Captioned web image data
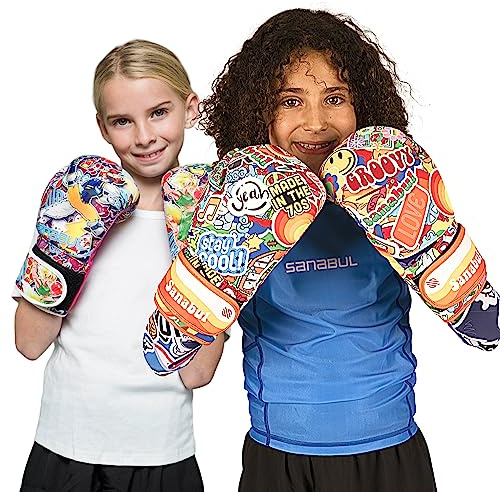 Sanabul Sticker Bomb - Guantes de Entrenamiento de Boxeo para niños (8 oz, años 70)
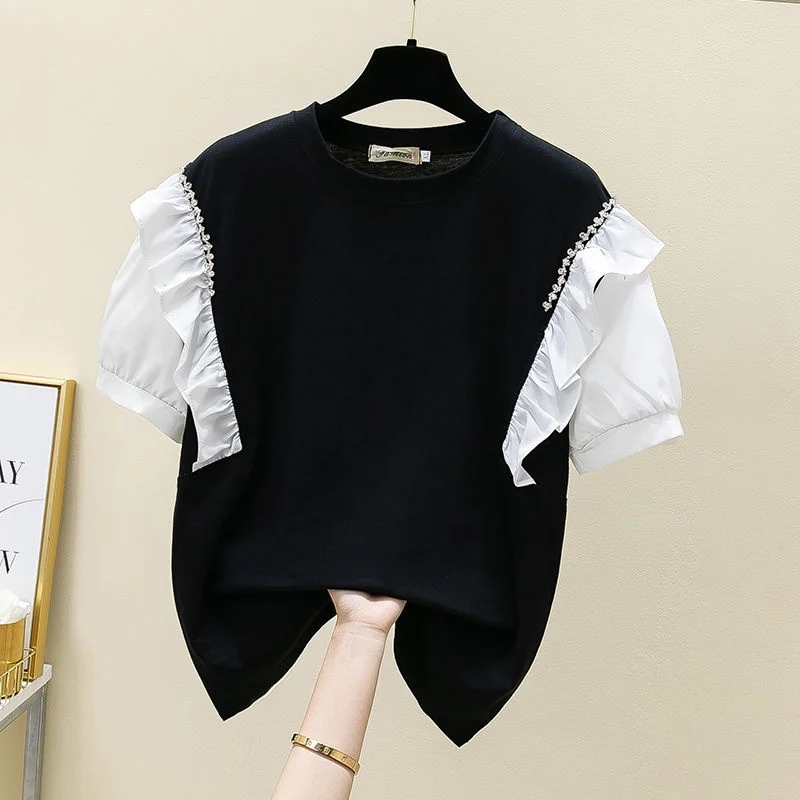 

Women's T-shirt Short Sleeved Small Fresh Ruffle Loose Chic Casual Pullover Ladies Top 2022 Summer New Japan Korea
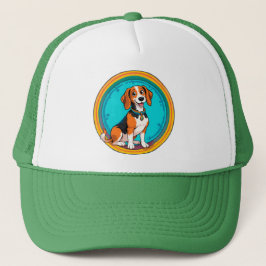 Mooie puppy kleurrijk cartoonstijl ontwerp trucker pet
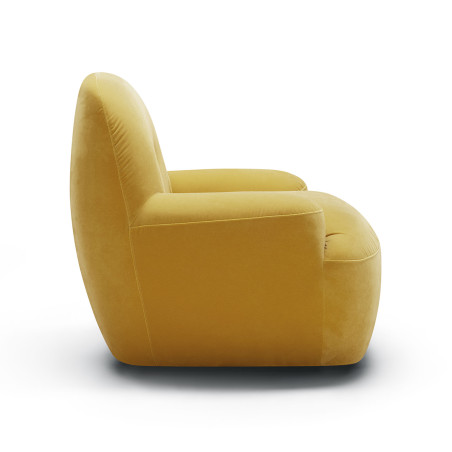 Fauteuil SITS en velours Uma coloris yellow avec pied pivotant - Vue de profil I Axodeco.fr
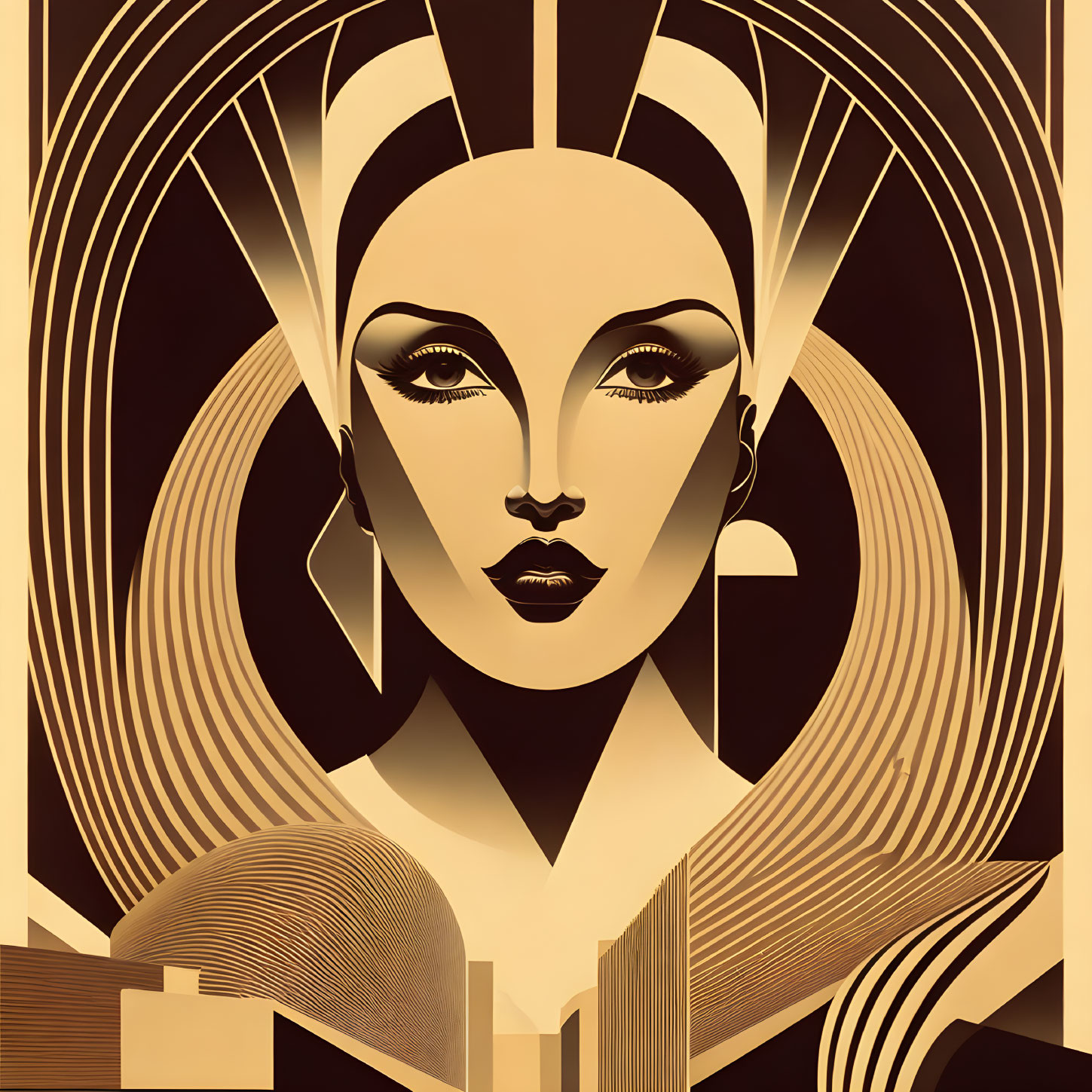 Symmetrical Art Deco Female Face with Geometric Patterns
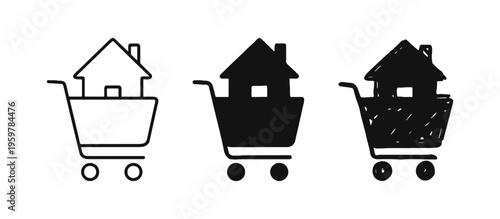 Home in Shopping Cart Icon Set - Real Estate Purchase and Property Market Symbol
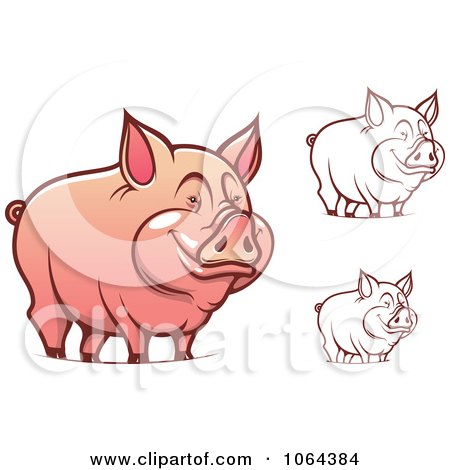 Clipart Happy Pigs Digital Collage - Royalty Free Vector Illustration by Vector Tradition SM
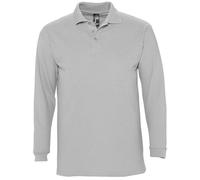 SOLS Mens Winter II Long Sleeve Pique Cotton Polo Shirt (Grey Marl) - Size Large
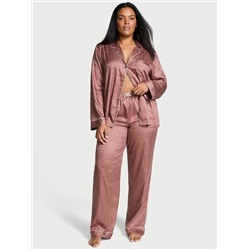 Glazed Satin Dew Drop Long Pajama Set
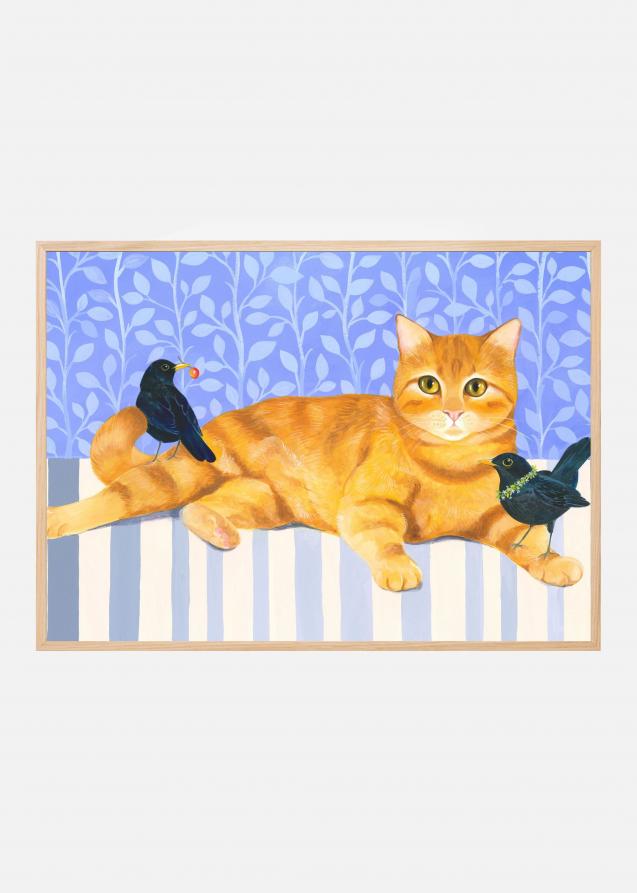 Bildverkstad Ginger Cat and Blackbirds Poster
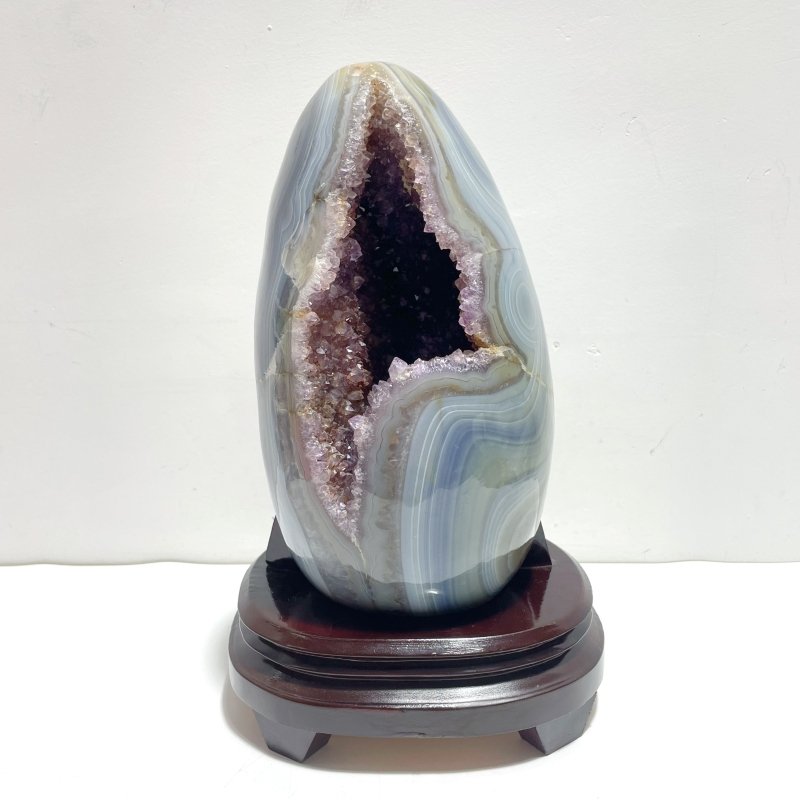 Unique Amethyst Cluster Mixed Agate Dinosaur Eggs Home Decor With Stand - Wholesale Crystals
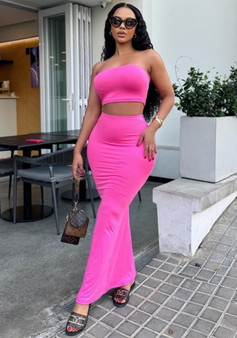 Women Summer Solid Sleeveless Strapless Top and Long Skirt Women Two-piece Set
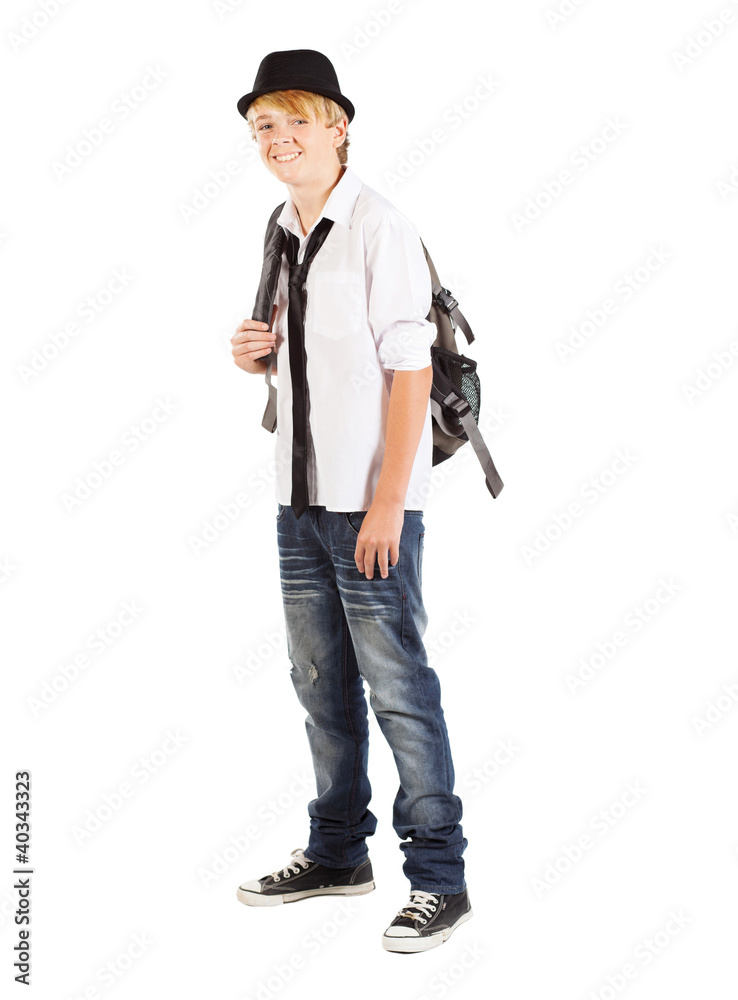 teen boy with backpack on white background teen boy with backpack on white background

_Task requirements:_
In the records above, find the line containing "Mooie puppy kleurrijk". Reproduce it and every line after it through the last line, omitting pictures.

_Answer space:_
 Mooie puppy kleurrijk cartoonstijl ontwerp trucker pet
 Fauteuil SITS en velours Uma coloris yellow avec pied pivotant - Vue de profil I Axodeco.fr
 Symmetrical Art Deco Female Face with Geometric Patterns
 Home in Shopping Cart Icon Set - Real Estate Purchase and Property Market Symbol
 Clipart Happy Pigs Digital Collage - Royalty Free Vector Illustration by Vector Tradition SM
 SOLS Mens Winter II Long Sleeve Pique Cotton Polo Shirt (Grey Marl) - Size Large
 Glazed Satin Dew Drop Long Pajama Set
 Bildverkstad Ginger Cat and Blackbirds Poster
 Unique Amethyst Cluster Mixed Agate Dinosaur Eggs Home Decor With Stand - Wholesale Crystals
 Women Summer Solid Sleeveless Strapless Top and Long Skirt Women Two-piece Set
 teen boy with backpack on white background teen boy with backpack on white background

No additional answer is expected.